Nonetheless, such contingent measures to rein in prices are expected to do little to bring Germany’s or the eurozone’s inflation down significantly over the coming months.
All this means that the ECB is under added pressure to boost rates by more than its initially planned 25-basis-point hike at its next rate-setting meeting on July 21, with policymakers agreeing to raise interest rates for the first time in more than a decade. “If the inflation outlook does not improve, we will have sufficient information to move faster,” ECB President Christine Lagarde had warned prior to Friday’s inflation announcement.

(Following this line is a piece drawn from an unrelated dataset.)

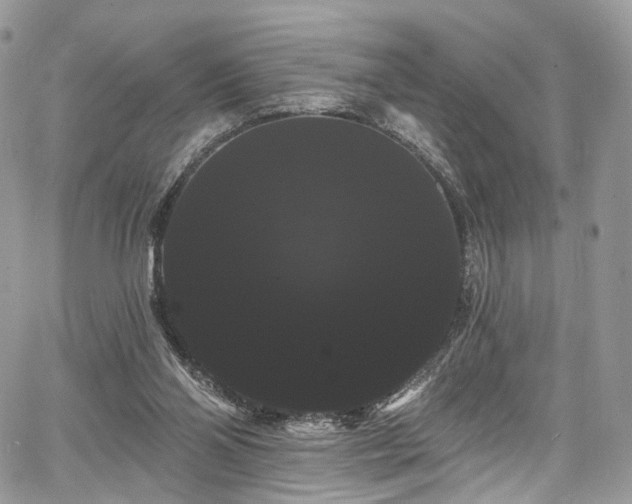 X0000068290110200604241309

An excessively aggressive monetary tightening could tip the eurozone economy into a recession, however, which officials have been keen to avoid. “With the uncertainty, we have to manage the two risks,” Philip Lane, the bank’s chief economist, recently told CNBC. “On the one side, that could be forces that keep inflation higher than expected for longer. On the other side, we do have the risk of a slowdown in the economy, which would reduce inflationary pressure.”
“We are still expecting positive growth rates due to the domestic buffers against the loss of growth momentum,” Lagarde added, with the ECB having recently forecasted a 2.8-percent gross domestic product (GDP) for the bloc in 2022.

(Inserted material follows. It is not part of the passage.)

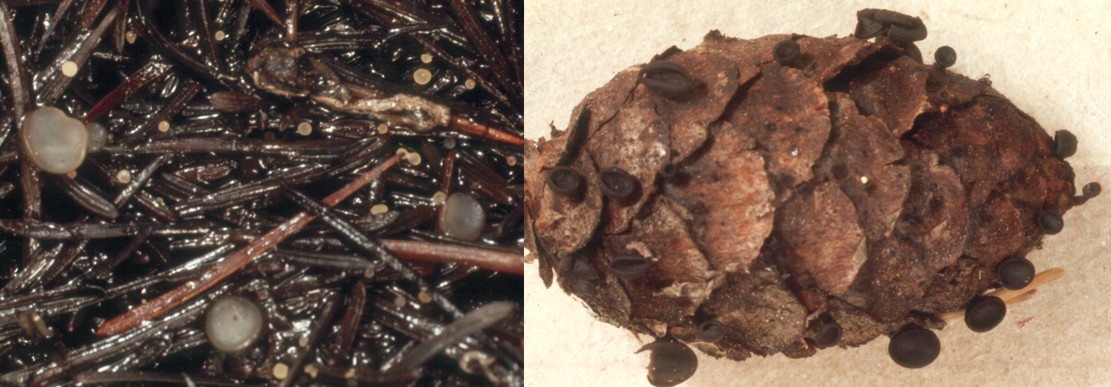 Moellerodiscus and Rutstroemia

It should also be noted that as of July, the ECB will stop purchasing additional assets as part of its quantitative-easing programme, such that its total balance-sheet holdings are almost €5 trillion, or some 40 percent of the eurozone’s total GDP. This may persuade the central bank to confine the rate hike to just two basis points. “We think that [the] ECB is going to hike interest rates by 25 basis points in July and will deliver an accumulated 150bps in hikes by the end of [the] year,” according to Oxford Economics analyst Mateusz Urban, as quoted by Politico magazine.
Nonetheless, an elevated inflation rate may persist for some time, particularly if other countries’ recent records are anything to go by. Indeed, Commerzbank economist Christoph Weil told the Financial Times shortly after the June figures were released that eurozone inflation will be at 7.5 percent by the end of this year, well above the ECB’s 2-percent target, as wage demands continue to mount over the coming months to keep up with living cost surges. “Unions will demand at least partial compensation for higher inflation in the upcoming wage negotiations,” Weil added. “Wage inflation is therefore likely to increase significantly.”